Since its founding in 1973, the ESA has had widespread support since it has prevented the extinction of 99 percent of listed species. Republican U.S. Senator Clifford Hansen and Democratic U.S. Senator Gale McGee and U.S. Representative Teno Roncalio all voted in favor of it.

There has been an uptick in criticism of the ESA recently, particularly from Republicans. In 2011, a rider attached to the federal budget bill transferred the control of wolves in Montana and Idaho back to the respective states. The greater sage grouse is an endangered species whose stronghold is Wyoming. But, Congress has placed clauses in budget bills prohibiting spending money on species listing.

Environmental law firm Earthjustice’s managing attorney Tim Preso told WyoFile that efforts by Congress to legislate around the ESA are “troubling.”

“With these delisting actions, the history has been — it’s not just based on speculation — that the states don’t step in to be guardians,” Preso said. “They’ve stepped in to ramp up the persecution [of formerly protected species], and that’s why the Endangered Species Act is so important for species like these.”

If Wyoming’s petition is granted, the 1,069 grizzly bears in the Yellowstone area would be reduced to 932 by k*lling.
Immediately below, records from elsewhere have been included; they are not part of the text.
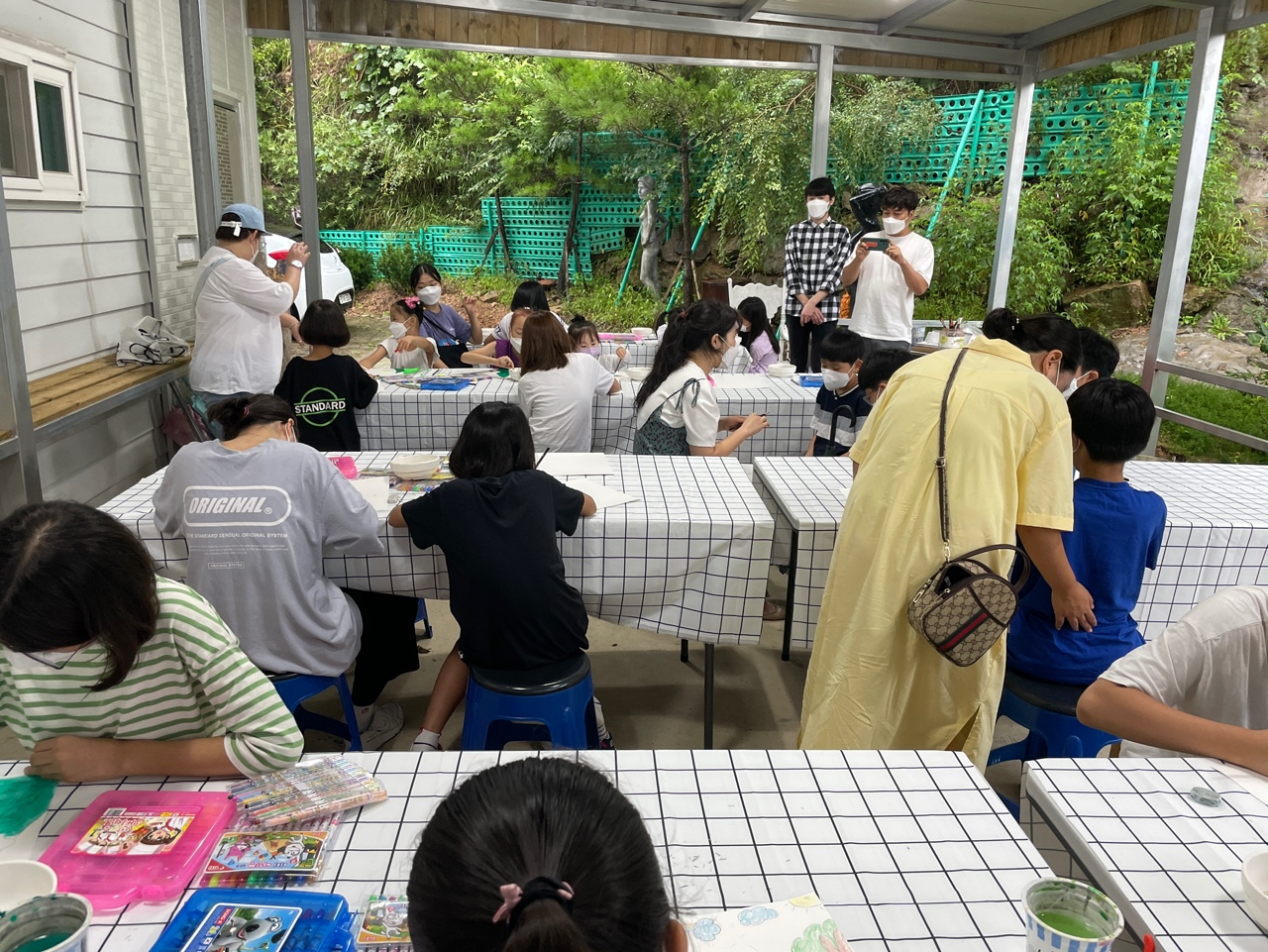 cd27eac58d1cd.jpg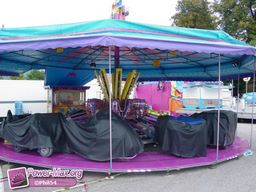 Remiremont-2009-28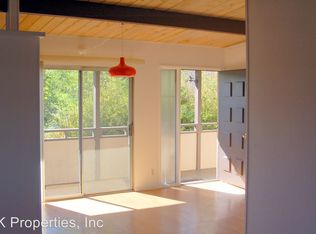 223 Ardys Pl, Vista, CA 92084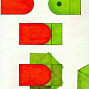 Detalle de movimiento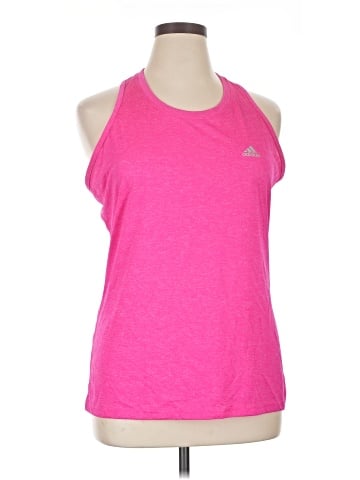 Adidas Active Tank (view 1)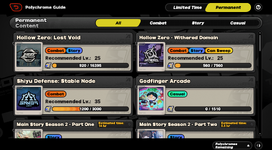Zenless Zone Zero Screenshot 2026.10.01 - 09.03.10.04.png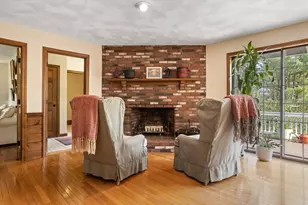 93 Birch Hill Rd, Stow, MA 01775 - Photo 14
On Thursday, Chris Servheen, a former grizzly bear recovery coordinator for the Fish and Wildlife Service, said he was the primary advocate for delisting grizzlies during the first effort.

Once states passed laws encouraging “aggressive, indiscriminate wildlife hunting practices into grizzly bear habitat,” he altered his mind. “The lack of adequate regulatory mechanisms [protecting grizzlies and wolves] is due to political interference in the management of wildlife,” Servheen said.

The director of Wyoming Game and Wildlife disagreed with Servheen’s analysis. “I would certainly disagree,” Nesvik testified. “We have gone to great lengths to ensure that we have laws and regulations on the books that very conservatively manage grizzly bears within the core of their suitable habitat.”